Three things that ruin wisdom: ignorance, inaccurate knowledge, forgetfulness.

Three things that are best for a chief: justice, peace, an army.

Three things that are worst for a chief: sloth, treachery, evil counsel.

Three services, the worst that a man can serve: serving a bad woman, a bad lord, and bad land.

Three lawful handbreadths: a handbreadth between shoes and hose, between ear and hair, and between the fringe of the tunic and the knee.

Three angry sisters: blasphemy, strife, foul-mouthedness.

Three disrespectful sisters: importunity, frivolity, flightiness.

Three signs of a bad man: bitterness, hatred, cowardice.


[1] Niggard: From Middle English and then from possibly Scandinavian or Old Norse, a parsimonious or stingy person, ungenerous of spirit. (Not at all related to the North American slur; this made the news in 1999 when David Howard referred to a budget for Washington D.C. as “niggardly.” Other controversies with the word, see here.)

[2] Fop: From Middle English and Middle High German, usage dates to the 15th century. A coxcomb, a dandy, a man overly concerned with appearance and superficialities to the point of using cheap duplicity to fake elements of physique or background.

[3] Gillie (Ghillie): Gaelic term for a personal attendant, usually one who assists in hunting or fishing or assists a host with his/her guests.


This version of the “Selections” dates to the 1911 Selections from Ancient Irish Poetry, translated by Kuno Meyer. Meyer first published a whole edition of the Triads in 1906.

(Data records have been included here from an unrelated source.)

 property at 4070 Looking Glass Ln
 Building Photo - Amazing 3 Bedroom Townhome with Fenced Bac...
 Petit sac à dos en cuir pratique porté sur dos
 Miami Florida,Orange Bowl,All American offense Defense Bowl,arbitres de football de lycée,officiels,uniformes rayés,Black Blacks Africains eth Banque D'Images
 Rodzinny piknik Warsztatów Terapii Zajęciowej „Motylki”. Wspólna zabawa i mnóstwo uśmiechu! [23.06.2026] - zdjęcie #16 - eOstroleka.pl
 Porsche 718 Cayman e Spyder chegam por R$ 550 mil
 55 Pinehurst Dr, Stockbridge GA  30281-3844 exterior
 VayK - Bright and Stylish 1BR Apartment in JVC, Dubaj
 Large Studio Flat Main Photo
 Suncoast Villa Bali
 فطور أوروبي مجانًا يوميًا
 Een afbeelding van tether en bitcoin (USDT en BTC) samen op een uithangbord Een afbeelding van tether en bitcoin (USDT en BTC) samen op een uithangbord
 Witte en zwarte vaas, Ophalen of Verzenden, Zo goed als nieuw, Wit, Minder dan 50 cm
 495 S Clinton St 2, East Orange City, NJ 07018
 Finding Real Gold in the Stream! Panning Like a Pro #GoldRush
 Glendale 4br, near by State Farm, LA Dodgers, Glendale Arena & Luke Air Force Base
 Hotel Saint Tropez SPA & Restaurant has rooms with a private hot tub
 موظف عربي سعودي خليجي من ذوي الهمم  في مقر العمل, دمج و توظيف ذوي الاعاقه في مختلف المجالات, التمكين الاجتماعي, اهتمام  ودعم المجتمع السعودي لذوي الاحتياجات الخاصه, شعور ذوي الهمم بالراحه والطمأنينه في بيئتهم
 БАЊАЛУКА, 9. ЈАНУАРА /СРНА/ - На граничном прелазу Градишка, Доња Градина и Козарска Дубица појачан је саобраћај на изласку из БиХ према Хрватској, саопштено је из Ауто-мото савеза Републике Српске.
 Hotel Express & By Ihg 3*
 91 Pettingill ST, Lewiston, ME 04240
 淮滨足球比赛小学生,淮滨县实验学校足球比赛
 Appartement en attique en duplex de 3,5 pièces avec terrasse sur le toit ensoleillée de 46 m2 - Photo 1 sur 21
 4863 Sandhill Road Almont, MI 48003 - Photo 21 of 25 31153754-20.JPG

Manuscript sources of the Triads:

  • H 2.16 or Yellow Book of Lecan (YBL), col. 236 ff, p. 414b-418a (TCD, Dublin). Complete.
  • 23 P 12 or Book of Ballymote (BB), f. 65b-66b (RIA).
  • Book of Huí Maine, f. 190a1-191a2. Complete.
  • H 2.17 or Great Book of Lecan, f. 183b-184b (TCD).
  • 23 N 10 (previously Betham 145), pp. 98–101 (RIA, Dublin), a paper MS written in 1575.
  • H 1.15, pp. 946–957, a paper MS written by Tadhg Tiorthach Ó Neachtain in 1745.
  • 23 N 27 (Stowe), f. 1a-7b (RIA, Dublin), written in 1714 by Domnall (or Daniel) ó Duind mac Eimuinn.
  • copy in Rylands Library, Manchester, poor and corrupted copy written by Peter O’Longan in 1836.
  • MS Kilbride III, f. 9b2 (Advocates Library, Edinburgh). Vellum.

Kuno Meyer based his text on six manuscripts (YBL, BB, Uí Maine, Great Book of Lecan, 23 N 10 and H 1.15) and was aware of another three (23 N 27, Rylands copy and Kilbride). Fergus Kelly[*] reports that four other versions have since been discovered and that the text is therefore in need of a new critical edition. [Wikipedia]

This translation is in the public domain.

[*] See Fergus Kelly, Thinking in Threes: The Triad in Early Irish Literature, Sir John Rhys Memorial Lecture, British Academy, 2003.